In general stages are a feature that imho shouldn’t be bothered with to get good remote caching. It’s imho an unrelated docker feature and that was created for a different purpose and not to improve caching.
l
ok. i think i have a lot to learn about this
i'm really hesitant about pulumi having any knowledge of things like git hashes
g
If anything multi-stage docker builds are even harder to optimize for good remote caching.

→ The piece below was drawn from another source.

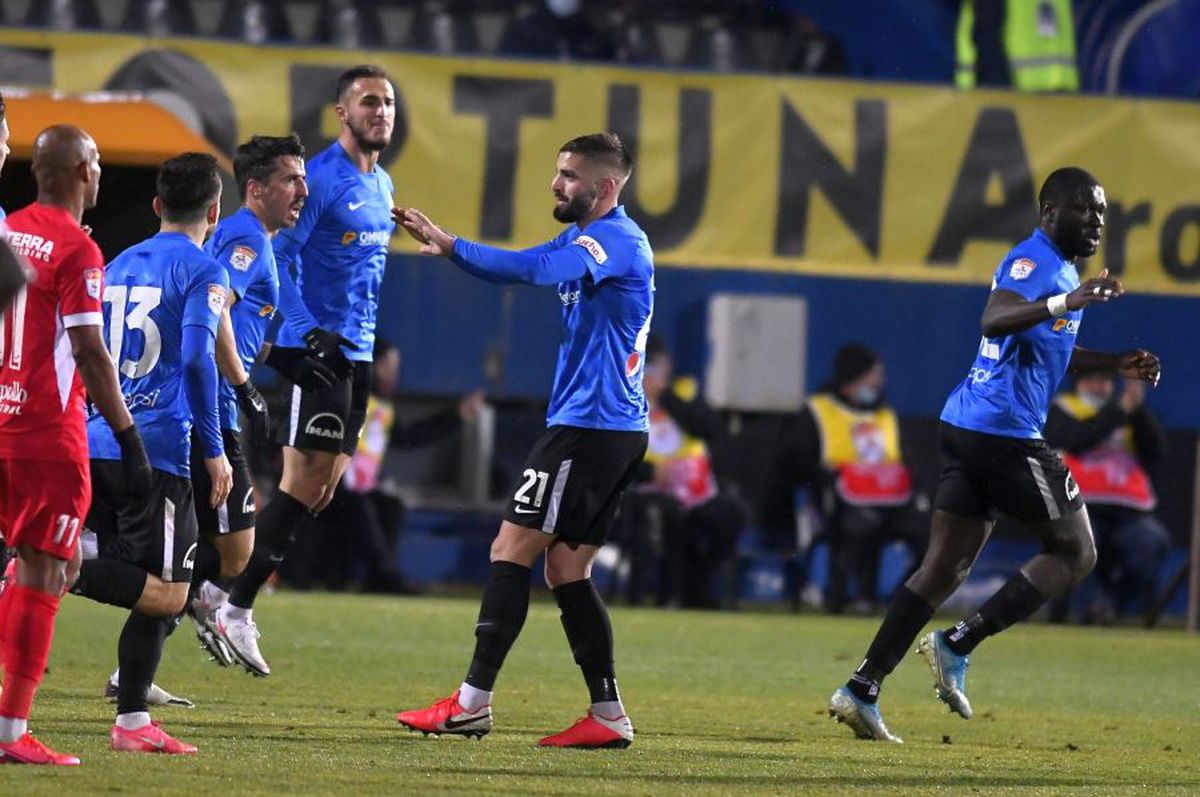 Viitorul - Hermannstadt 2-1 » Dobrogenii, la prima victorie sub comanda lui Mircea Rednic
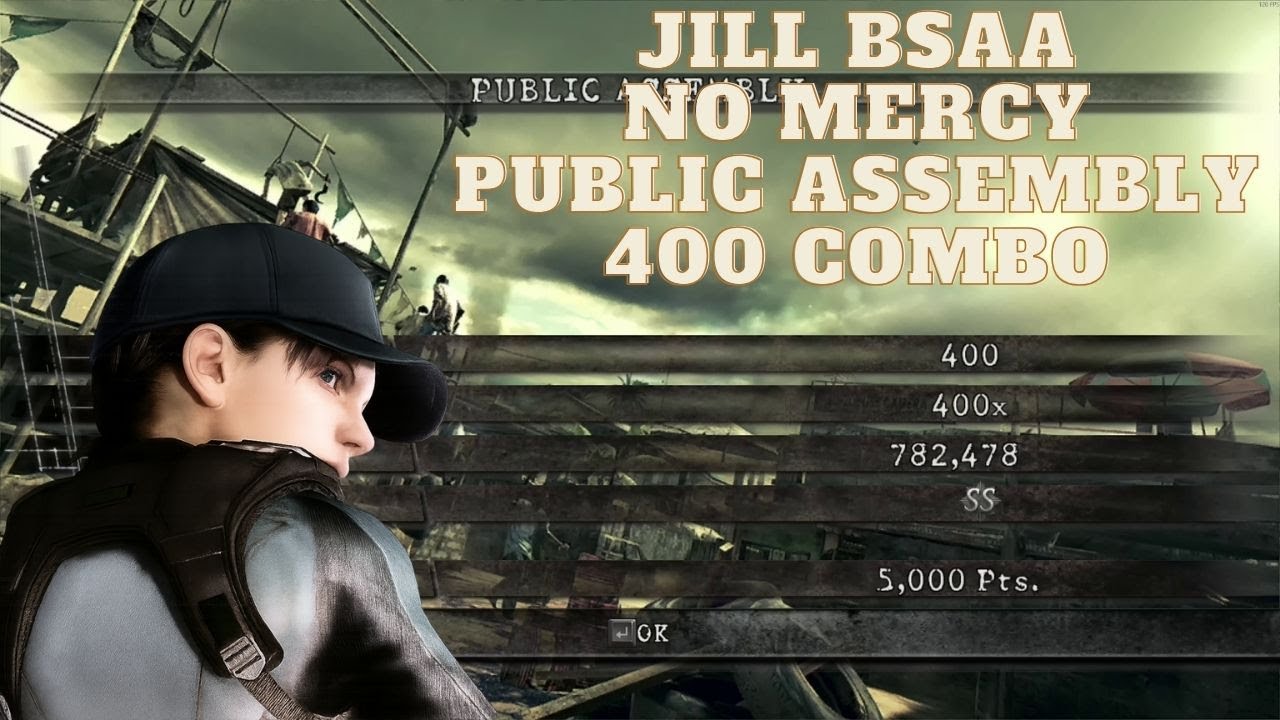 Resident Evil 5 | The Mercenaries No Mercy | 400 Combo | Jill BSAA | Public Assembly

The problem is if you don’t use git hashes, but instead your own file hashing, how will you determine the hash of an ancestor commit or anchestor build?
l
I honestly don't know 🙂 i don't have any good answers as i don't really understand this space well enough.
g
Ok, now that I think about it. If you store a pulumi specific hash in the checkpoint you could read it from there. The disadvantage of this would be that you probably can’t read the hash across stacks. This means that each stack’s docker images would be cached separately which is suboptimal when having a large number of stacks of the same project or when attempting to quickly create ephemeral stacks like we do in some cases.